- _DATA_
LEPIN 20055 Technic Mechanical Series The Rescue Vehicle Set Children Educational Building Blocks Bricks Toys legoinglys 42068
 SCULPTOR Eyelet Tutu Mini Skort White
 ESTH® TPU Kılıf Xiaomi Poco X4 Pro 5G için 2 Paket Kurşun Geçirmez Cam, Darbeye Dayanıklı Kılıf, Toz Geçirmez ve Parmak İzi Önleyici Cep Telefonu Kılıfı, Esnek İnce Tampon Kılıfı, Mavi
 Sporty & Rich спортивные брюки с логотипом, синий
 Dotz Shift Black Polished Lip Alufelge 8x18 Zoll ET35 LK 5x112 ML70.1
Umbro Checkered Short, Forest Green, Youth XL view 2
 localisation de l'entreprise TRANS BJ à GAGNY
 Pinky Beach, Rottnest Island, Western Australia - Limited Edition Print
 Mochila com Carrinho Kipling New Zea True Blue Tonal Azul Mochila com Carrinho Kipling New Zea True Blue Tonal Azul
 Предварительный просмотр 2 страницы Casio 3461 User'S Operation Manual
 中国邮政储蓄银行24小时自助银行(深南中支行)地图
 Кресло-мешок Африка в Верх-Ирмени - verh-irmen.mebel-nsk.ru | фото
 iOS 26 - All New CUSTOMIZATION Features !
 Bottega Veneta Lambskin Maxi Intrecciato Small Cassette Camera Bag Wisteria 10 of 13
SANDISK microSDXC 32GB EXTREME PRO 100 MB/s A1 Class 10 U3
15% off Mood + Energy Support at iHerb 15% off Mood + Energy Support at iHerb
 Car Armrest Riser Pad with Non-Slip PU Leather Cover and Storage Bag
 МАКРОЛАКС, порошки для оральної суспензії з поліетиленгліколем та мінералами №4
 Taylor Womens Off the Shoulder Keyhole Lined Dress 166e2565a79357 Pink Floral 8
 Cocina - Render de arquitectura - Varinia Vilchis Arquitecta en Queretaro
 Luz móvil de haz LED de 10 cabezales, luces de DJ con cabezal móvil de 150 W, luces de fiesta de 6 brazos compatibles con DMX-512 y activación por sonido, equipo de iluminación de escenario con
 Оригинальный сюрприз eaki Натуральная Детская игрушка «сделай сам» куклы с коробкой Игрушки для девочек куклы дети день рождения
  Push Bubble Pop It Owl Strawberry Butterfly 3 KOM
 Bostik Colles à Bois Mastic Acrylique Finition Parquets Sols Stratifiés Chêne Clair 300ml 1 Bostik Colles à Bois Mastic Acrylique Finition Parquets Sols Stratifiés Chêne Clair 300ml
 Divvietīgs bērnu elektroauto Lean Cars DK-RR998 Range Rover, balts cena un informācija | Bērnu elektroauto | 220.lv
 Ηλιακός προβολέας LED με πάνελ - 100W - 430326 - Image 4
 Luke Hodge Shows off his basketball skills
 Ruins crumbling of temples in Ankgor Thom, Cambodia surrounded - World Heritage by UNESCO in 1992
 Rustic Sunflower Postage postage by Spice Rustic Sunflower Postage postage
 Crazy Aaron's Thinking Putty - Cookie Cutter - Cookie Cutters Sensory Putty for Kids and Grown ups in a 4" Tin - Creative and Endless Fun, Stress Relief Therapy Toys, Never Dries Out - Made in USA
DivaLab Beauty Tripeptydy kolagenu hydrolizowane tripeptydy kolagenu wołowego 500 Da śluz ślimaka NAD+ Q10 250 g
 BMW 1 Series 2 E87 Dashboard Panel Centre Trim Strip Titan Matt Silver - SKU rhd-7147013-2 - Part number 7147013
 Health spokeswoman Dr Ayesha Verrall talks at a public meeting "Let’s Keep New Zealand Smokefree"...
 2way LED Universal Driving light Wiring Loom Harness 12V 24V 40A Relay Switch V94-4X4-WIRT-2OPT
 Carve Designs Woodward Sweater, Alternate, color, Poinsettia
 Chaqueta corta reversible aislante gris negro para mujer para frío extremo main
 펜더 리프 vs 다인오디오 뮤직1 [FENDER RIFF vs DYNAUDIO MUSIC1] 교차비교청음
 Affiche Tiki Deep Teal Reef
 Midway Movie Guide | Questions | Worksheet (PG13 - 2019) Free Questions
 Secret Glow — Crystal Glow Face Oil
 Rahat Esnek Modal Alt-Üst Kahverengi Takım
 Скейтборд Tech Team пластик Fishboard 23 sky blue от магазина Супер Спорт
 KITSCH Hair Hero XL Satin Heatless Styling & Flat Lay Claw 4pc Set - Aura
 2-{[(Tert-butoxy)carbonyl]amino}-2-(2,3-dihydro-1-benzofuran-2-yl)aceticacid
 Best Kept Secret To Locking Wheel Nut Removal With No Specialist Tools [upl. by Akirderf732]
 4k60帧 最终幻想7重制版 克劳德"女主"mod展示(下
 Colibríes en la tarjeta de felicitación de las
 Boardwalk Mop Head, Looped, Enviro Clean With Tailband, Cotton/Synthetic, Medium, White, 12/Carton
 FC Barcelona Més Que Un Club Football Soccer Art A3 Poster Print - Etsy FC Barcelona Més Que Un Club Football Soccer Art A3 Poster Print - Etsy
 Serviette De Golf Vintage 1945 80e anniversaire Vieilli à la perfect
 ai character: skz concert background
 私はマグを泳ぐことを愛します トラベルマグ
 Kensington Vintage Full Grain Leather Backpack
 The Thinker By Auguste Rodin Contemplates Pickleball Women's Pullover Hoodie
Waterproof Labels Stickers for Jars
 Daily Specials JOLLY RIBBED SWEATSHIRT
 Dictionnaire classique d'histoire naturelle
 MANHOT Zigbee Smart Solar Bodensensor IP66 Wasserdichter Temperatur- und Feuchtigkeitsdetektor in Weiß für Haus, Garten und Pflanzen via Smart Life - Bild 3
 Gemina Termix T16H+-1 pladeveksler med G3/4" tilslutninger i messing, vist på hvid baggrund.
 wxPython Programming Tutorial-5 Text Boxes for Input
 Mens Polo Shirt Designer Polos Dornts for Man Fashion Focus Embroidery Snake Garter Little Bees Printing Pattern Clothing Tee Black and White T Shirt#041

- _EXERCISE AIM_
Show the lines of the data that hold the word "Toys".

- _ANSWER FOR THIS EXERCISE_
LEPIN 20055 Technic Mechanical Series The Rescue Vehicle Set Children Educational Building Blocks Bricks Toys legoinglys 42068
 Crazy Aaron's Thinking Putty - Cookie Cutter - Cookie Cutters Sensory Putty for Kids and Grown ups in a 4" Tin - Creative and Endless Fun, Stress Relief Therapy Toys, Never Dries Out - Made in USA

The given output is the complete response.